Description of the task
An exact transcription of the listing, without its images, is what the answer must contain.

Source material
++++++++

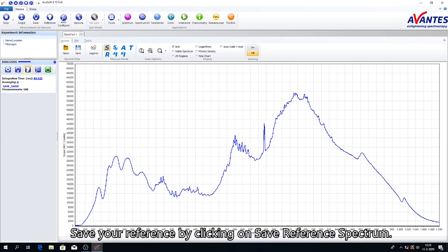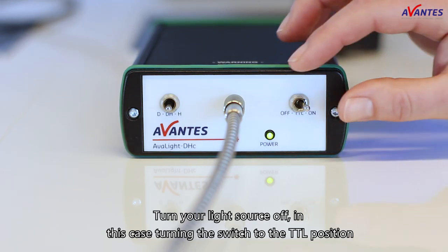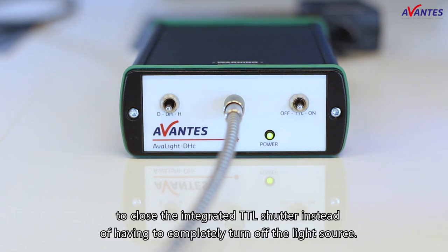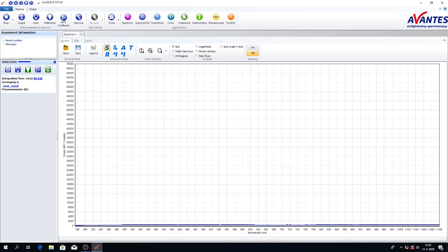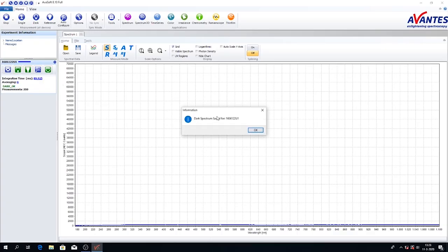Save your reference by clicking on Save reference spectrum. Turn your light source off. In this case, turn the switch to the TTL position to close the integrated TTL shutter instead of having to completely turn off the light source. Take a dark reference by clicking on Save dark spectrum.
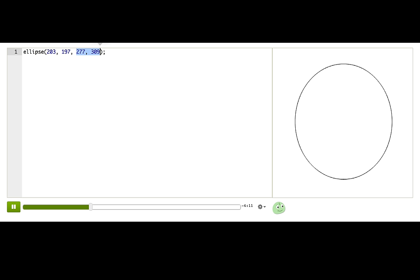We call these numbers the parameters to the ellipse command. And actually, we usually call a command a function. So here, in our program, we're calling the ellipse function and passing it four parameters to change how it draws the ellipse.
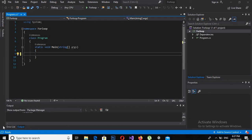Bismillahirrahmanirrahim. Hello guys, welcome to my channel. This is part 13 of our C# tutorial series, and in this part we will learn about the for loop in C#.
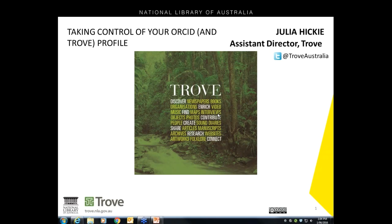I'm going to talk about Trove's integration with ORCID, where we've been doing it for a year. If we talk about ORCID being one of those 'enter once, reuse often' systems, that's the great thing about it. Trove is one of those reuse often cases.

++++++++

Written answer
Save your reference by clicking on Save reference spectrum. Turn your light source off. In this case, turn the switch to the TTL position to close the integrated TTL shutter instead of having to completely turn off the light source. Take a dark reference by clicking on Save dark spectrum.
We call these numbers the parameters to the ellipse command. And actually, we usually call a command a function. So here, in our program, we're calling the ellipse function and passing it four parameters to change how it draws the ellipse.
Bismillahirrahmanirrahim. Hello guys, welcome to my channel. This is part 13 of our C# tutorial series, and in this part we will learn about the for loop in C#.
I'm going to talk about Trove's integration with ORCID, where we've been doing it for a year. If we talk about ORCID being one of those 'enter once, reuse often' systems, that's the great thing about it. Trove is one of those reuse often cases.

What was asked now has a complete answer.